> _EXERCISE INPUT_:
┄┄┄┄┄┄┄┄┄┄┄┄┄┄┄┄┄┄┄┄
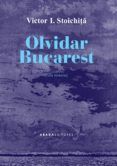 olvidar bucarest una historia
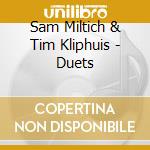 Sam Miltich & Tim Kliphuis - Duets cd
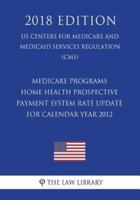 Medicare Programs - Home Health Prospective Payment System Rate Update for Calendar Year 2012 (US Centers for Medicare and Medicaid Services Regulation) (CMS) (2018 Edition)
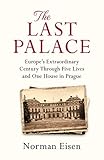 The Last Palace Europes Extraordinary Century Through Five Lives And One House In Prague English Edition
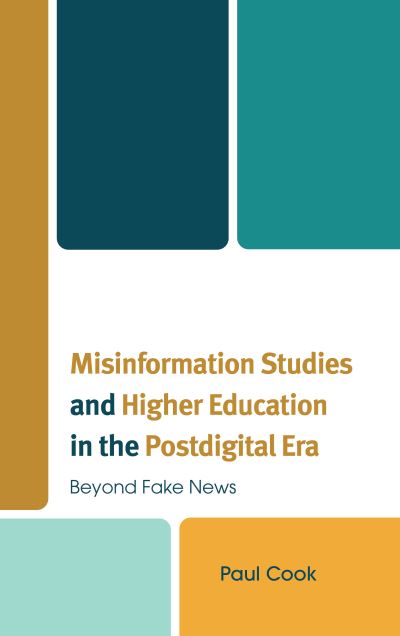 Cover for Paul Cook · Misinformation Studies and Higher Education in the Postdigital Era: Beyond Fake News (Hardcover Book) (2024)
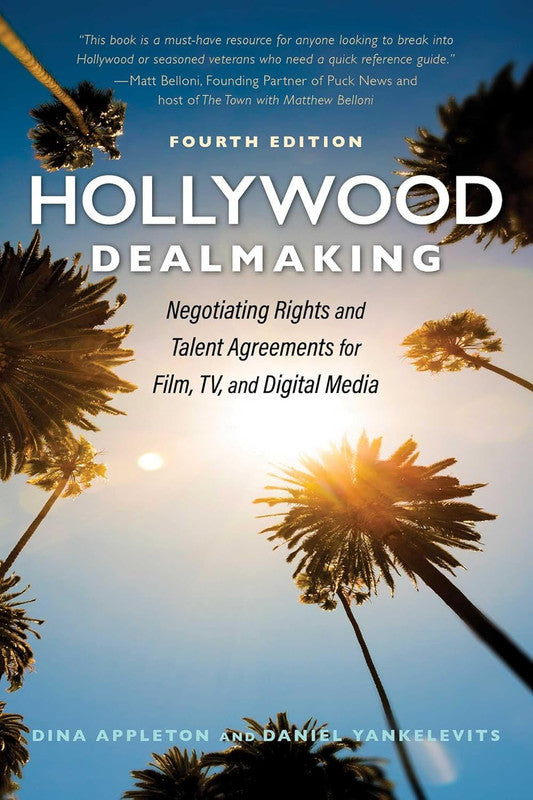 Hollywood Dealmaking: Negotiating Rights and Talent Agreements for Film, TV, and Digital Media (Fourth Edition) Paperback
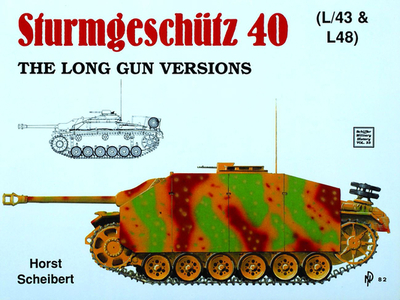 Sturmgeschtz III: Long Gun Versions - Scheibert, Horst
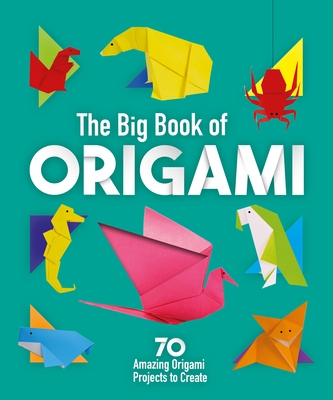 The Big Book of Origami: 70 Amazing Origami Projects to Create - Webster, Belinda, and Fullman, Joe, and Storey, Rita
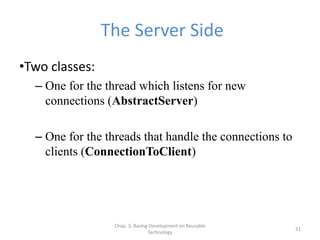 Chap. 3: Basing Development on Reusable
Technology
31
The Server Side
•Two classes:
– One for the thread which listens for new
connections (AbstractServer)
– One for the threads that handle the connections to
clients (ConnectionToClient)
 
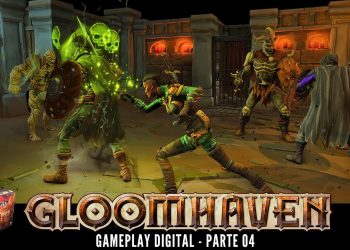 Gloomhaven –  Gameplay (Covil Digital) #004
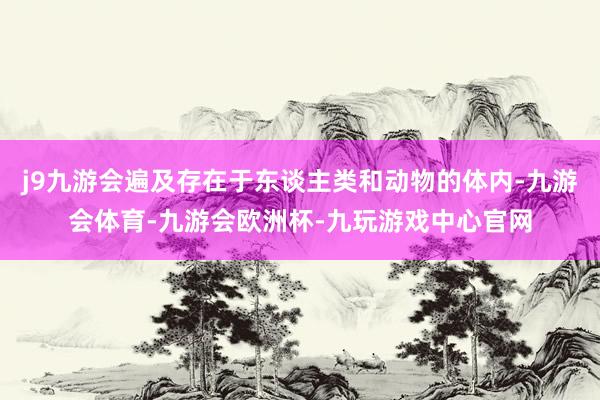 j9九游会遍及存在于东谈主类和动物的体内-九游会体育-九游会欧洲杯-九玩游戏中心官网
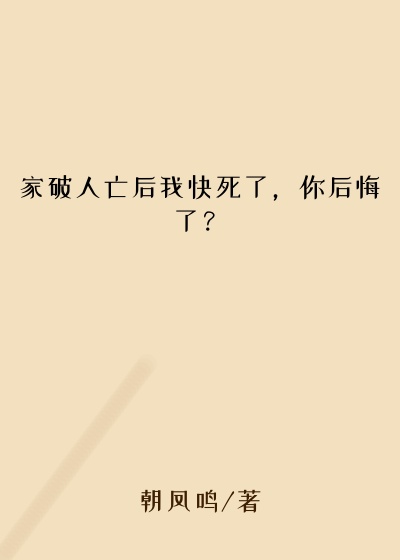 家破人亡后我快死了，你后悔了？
┄┄┄┄┄┄┄┄┄┄┄┄┄┄┄┄┄┄┄┄
> _WHAT IS REQUIRED_:
None of the pictures should be copied, but every record above must be restated in full.

> _SOLUTION TO THIS PROBLEM_:
 olvidar bucarest una historia
 Sam Miltich & Tim Kliphuis - Duets cd
 Medicare Programs - Home Health Prospective Payment System Rate Update for Calendar Year 2012 (US Centers for Medicare and Medicaid Services Regulation) (CMS) (2018 Edition)
 The Last Palace Europes Extraordinary Century Through Five Lives And One House In Prague English Edition
 Cover for Paul Cook · Misinformation Studies and Higher Education in the Postdigital Era: Beyond Fake News (Hardcover Book) (2024)
 Hollywood Dealmaking: Negotiating Rights and Talent Agreements for Film, TV, and Digital Media (Fourth Edition) Paperback
 Sturmgeschtz III: Long Gun Versions - Scheibert, Horst
 The Big Book of Origami: 70 Amazing Origami Projects to Create - Webster, Belinda, and Fullman, Joe, and Storey, Rita
 Chap. 3: Basing Development on Reusable
Technology
31
The Server Side
•Two classes:
– One for the thread which listens for new
connections (AbstractServer)
– One for the threads that handle the connections to
clients (ConnectionToClient)
 
 Gloomhaven –  Gameplay (Covil Digital) #004
 j9九游会遍及存在于东谈主类和动物的体内-九游会体育-九游会欧洲杯-九玩游戏中心官网
 家破人亡后我快死了，你后悔了？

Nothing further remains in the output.